Мы помещаемся в той части парохода, которая обычно отводится для моих соотечественников. Это так называемый третий класс. Хозяин говорит, что ее предоставляют нам потому, что тут мы в полной безопасности от перемен температуры и вредного действия сквозняка. Это только лишнее доказательство трогательной заботы американцев о несчастных чужеземцах. Правда, помещение несколько переполнено, и нам жарко и тесно. Однако не может быть сомнения, что все это к нашей же пользе.

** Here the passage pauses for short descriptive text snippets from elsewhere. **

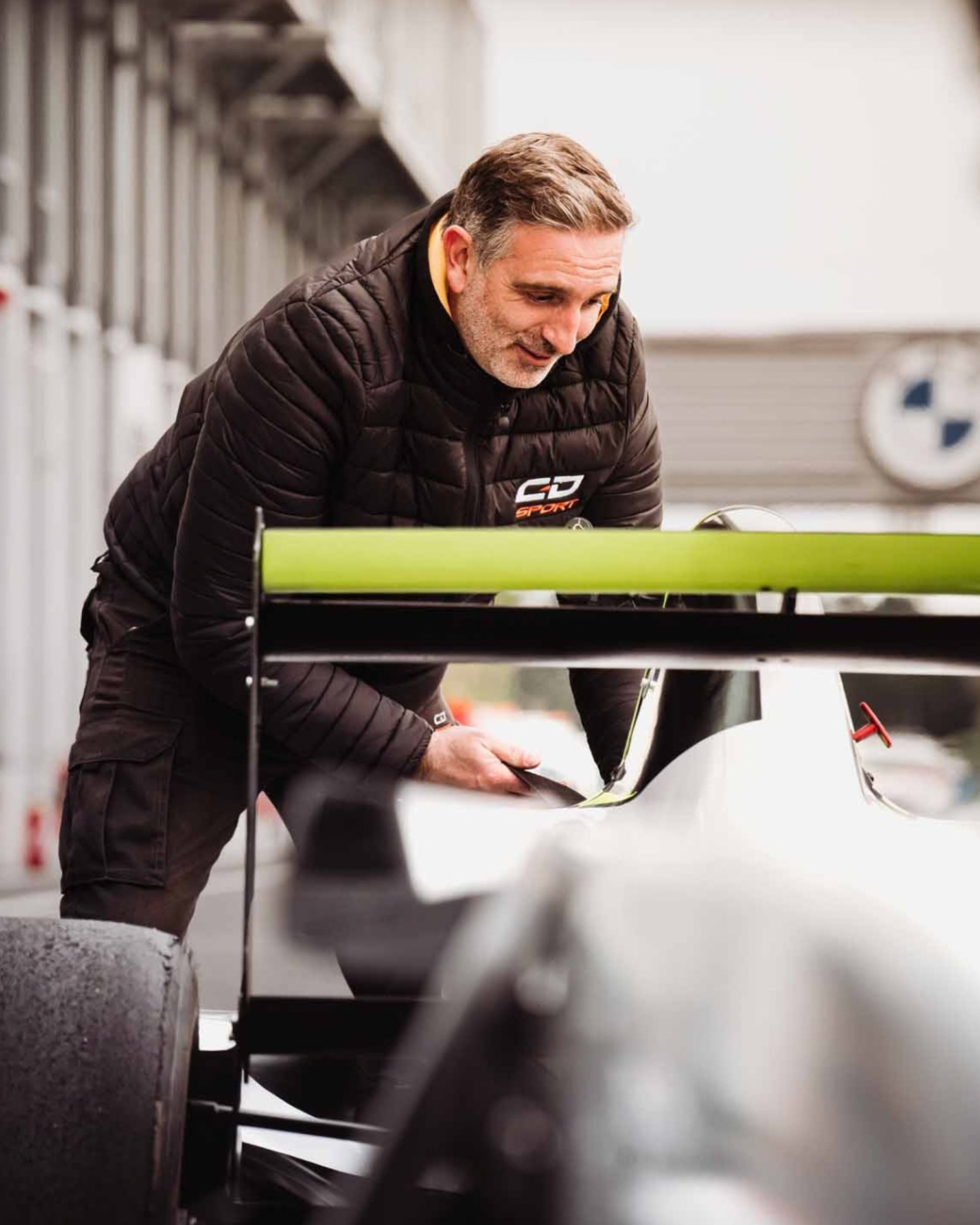 Remy Moureau, coach chez CD Sport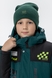 Комбінезон для хлопчика Snowgenius H20-011 110 см Зелений (2000989627500W) Фото 4 з 19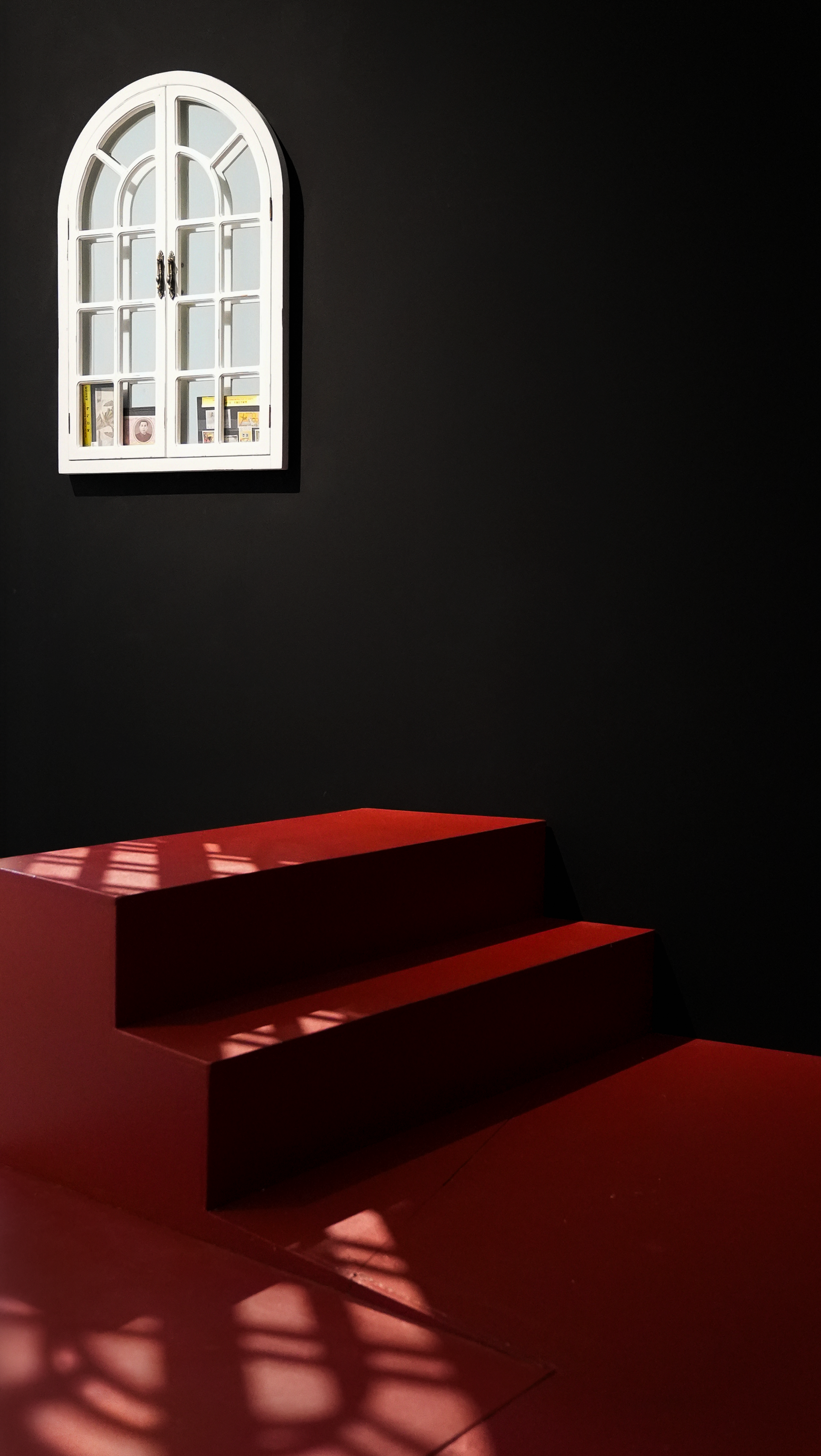 artwork on display in gallery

Вчера мои земляки затеяли ссору; капитан тут же направил прямо в толпу струю горячего пара и обварил более или менее сильно около ста человек. Кожа лохмотьями свисала у несчастных. Поднялся страшный крик, сумятица, и новые десятки людей, спасшихся от горячего пара, получили в давке ушибы и тяжелые увечья. Мы не жаловались. Хозяин сказал, что так всегда поступают в море в случае ссоры пассажиров и что в каютах первого и второго класса, где едут американцы, пар пускают каждые два-три дня.
Поздравь меня, Чин-Фу! Пройдет неделя-другая, я вступлю на американскую землю, и мне раскроют объятия ее гостеприимные хозяева. Я распрямлю спину и стану свободным человеком среди свободных людей.
А-Сун-Хи.
Сан-Франциско, 18.
Дорогой Чин-Фу! Ликуя вступил я на берег. Мне хотелось плясать, кричать, петь, лобызать благословенную землю страны свободных и родины смелых. Но не успел я сделать и двух шагов, как человек в сером мундире дал мне сильного пинка сзади и сказал, чтобы я был поосмотрительней — так перевел мне хозяин его слова. Я отошел в сторону, но другой человек, одетый так же, ударил меня короткой дубинкой и тоже посоветовал быть поосмотрительней. Когда я хотел взяться за конец шеста, на котором висела корзинка с моими вещами и вещами Хун-Ву, третий господин в форме ударил меня дубинкой, желая показать, что мне не следовало этого делать, а потом дал мне пинка, чтобы уверить меня, что он доволен моим послушанием. Появился еще один господин, перерыл наши вещи и вывалил их на грязную мостовую пристани. Потом он вместе со своим помощником тщательно обыскал нас. Они нашли маленький пакетик с опиумом, зашитый в привязную часть косы Хун-Ву. Забрав опиум, они арестовали Хун-Ву и передали его другому чиновнику, который увел его с собой.
Потом они конфисковали багаж Хун-Ву, но так как вещи Хун-Ву были во время обыска перемешаны с моими, то они забрали все. Я сказал, что мог бы помочь им отделить мои вещи, но они поколотили меня и выразили при этом пожелание, чтобы я был поосмотрительней.